El 9 de diciembre de 1985, el tribunal sentenció que los comandantes, contando con instrumentos legales, ejecutaron una represión ilegal con procedimientos clandestinos pero desestimó la existencia de una conducción unificada. Por ello, determinó condenas disímiles para los generales Jorge Videla y Roberto Viola, los almirantes Emilio Massera y Armando Lambruschini y el brigadier Orlando Agosti, absolviendo a los otros cuatro acusados. En cambio, el punto 30 del fallo extendió la acción penal contra los oficiales superiores y contra quienes tuvieron responsabilidad operativa y cometieron hechos aberrantes contrariando la voluntad oficial de limitar la acción judicial.

Por ello, en abril de 1986, el Ministerio de Defensa instruyó a los fiscales para que sólo continuaran analizando casos en los que “los subordinados actuaron con error insalvable” ante órdenes superiores, iniciativa rechazada por la Cámara Federal. En diciembre de 1986, el Ejecutivo envió al Congreso el proyecto de Punto Final, el cual establecía que, tras sesenta días, se extinguirían las causas de aquellos no citados a declarar. La ley fue aprobada el 26 de diciembre de 1986. Pero, antes de expirar este plazo, los organismos de derechos humanos presentaron centenares de casos ante las cámaras federales.

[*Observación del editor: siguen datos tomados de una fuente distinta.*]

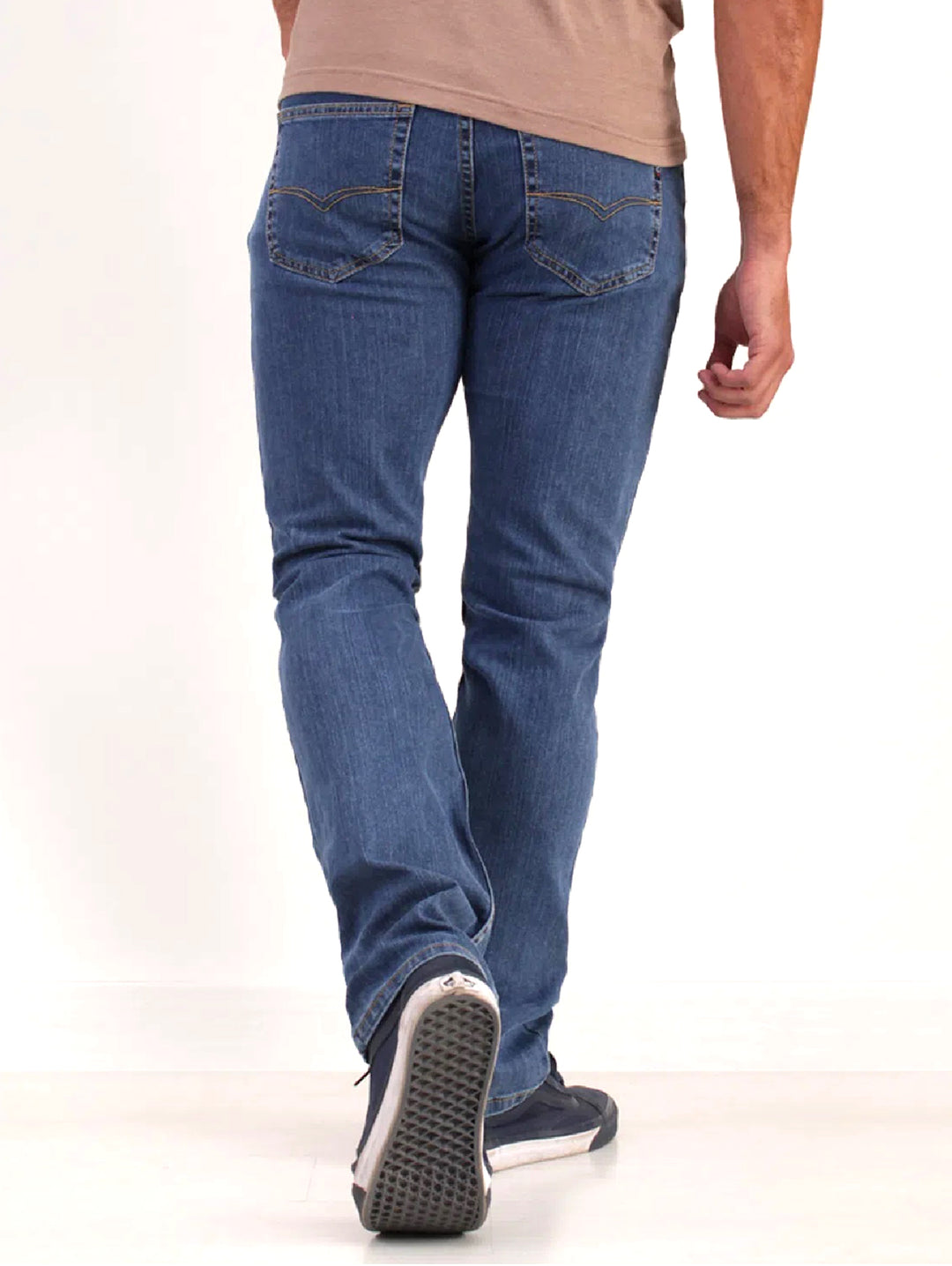 Hombre vistiendo pantalones jeans de mezclilla color azul oscuro.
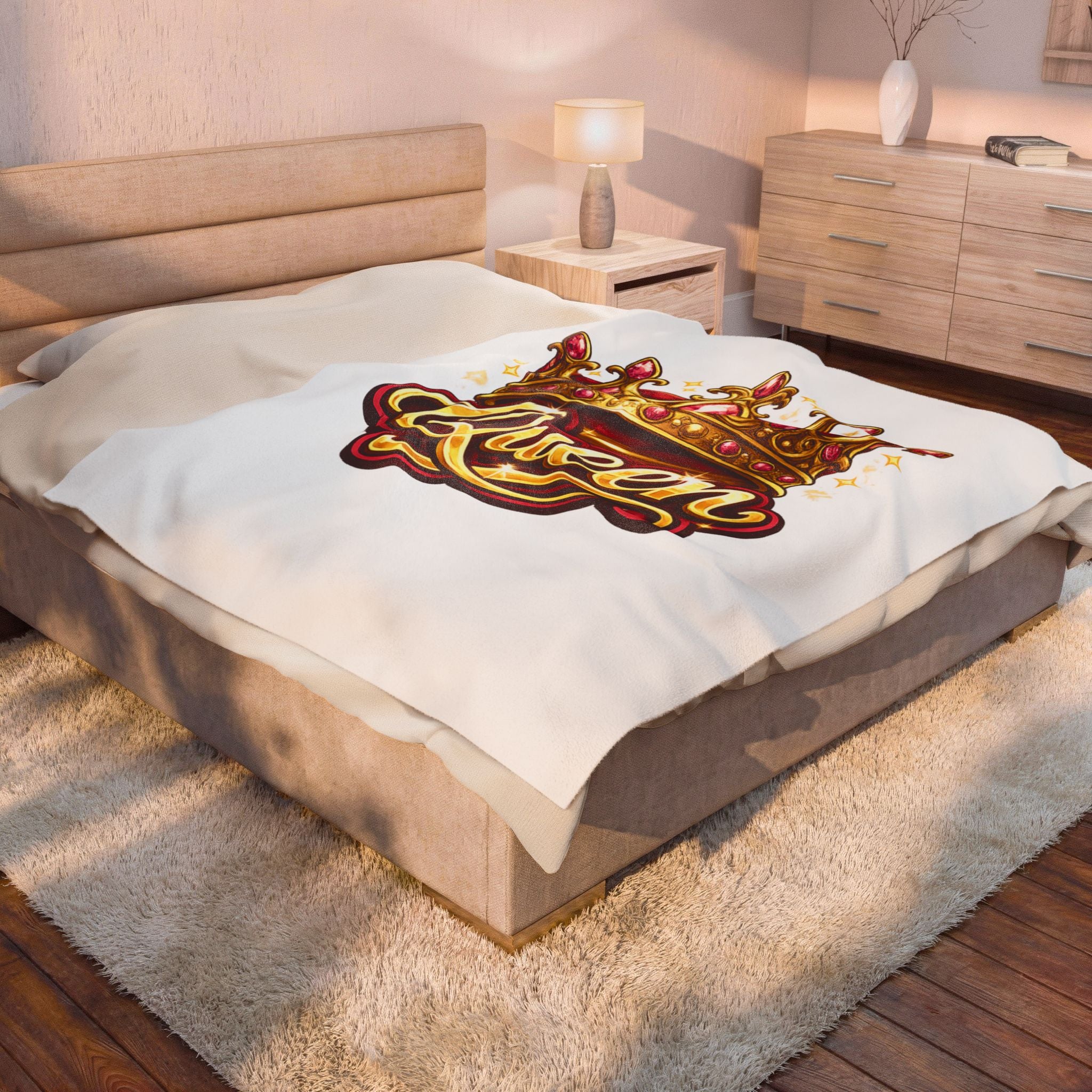 Queen Crown Velveteen Plush Blanket — Cozy Royalty Throw for Her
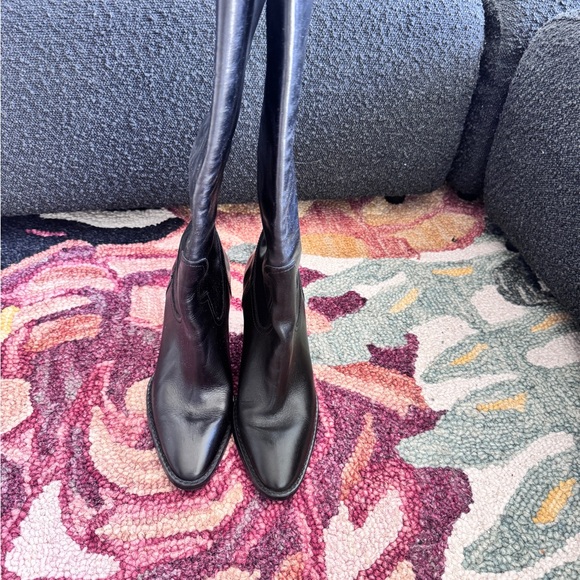 Black leather western block heeled knee high boots. Size 38 - Picture 4 of 6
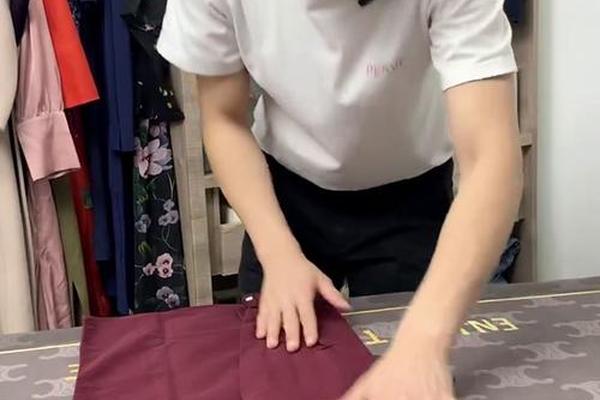 衬衣如何叠放更省空间,衬衣的收纳折叠方法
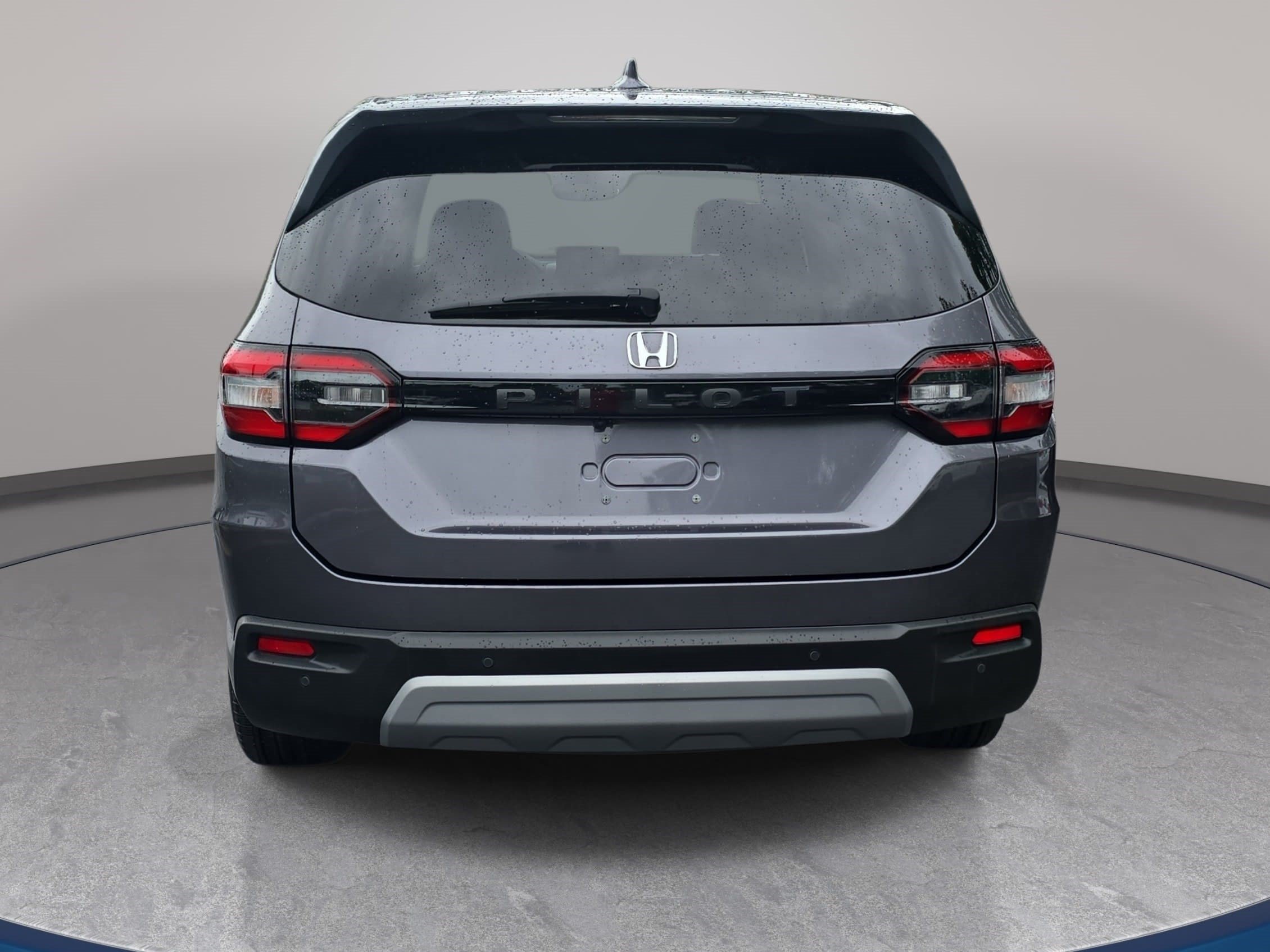 Used 2025 Honda Pilot EX-L image 6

En abril de 1987, un oficial citado a declarar se refugió en un cuartel militar iniciando la sublevación de un sector del Ejército, los “carapintadas”, opuesto a los juicios y a su conducción. Ciento cincuenta mil personas, reunidas en la Plaza de Mayo, rechazaron la sublevación. Tras ello, el Gobierno envió al Congreso un nuevo proyecto de ley de Obediencia Debida, que consideraba todo acto, excepto la sustitución del Estado civil, la sustracción de menores y la usurpación de propiedad, como ejecutados bajo estado de coerción y subordinación a órdenes superiores. Pese a la aprobación de la ley, en mayo de 1987, Alfonsín enfrentó dos nuevas rebeliones en enero y diciembre de 1988. La conjunción de estas tensiones contribuyó a menguar la base electoral de Alfonsín, que entregó el gobierno, anticipadamente, al peronista Carlos Menem, en julio de 1989, quien un año después indultó a las Juntas militares.

Pese al fracaso de su política de derechos humanos, la investigación de la Conadep y el Juicio a las Juntas desafiaron las creencias de los analistas de la época que consideraban riesgoso ajustar las cuentas con el pasado. Aún hoy, las pruebas reunidas entonces son claves para elaborar la verdad, materializar la justicia y ejercer la memoria de los crímenes de Estado ante los cuales, una y otra vez, la sociedad argentina, en su gran mayoría, repite Nunca Más.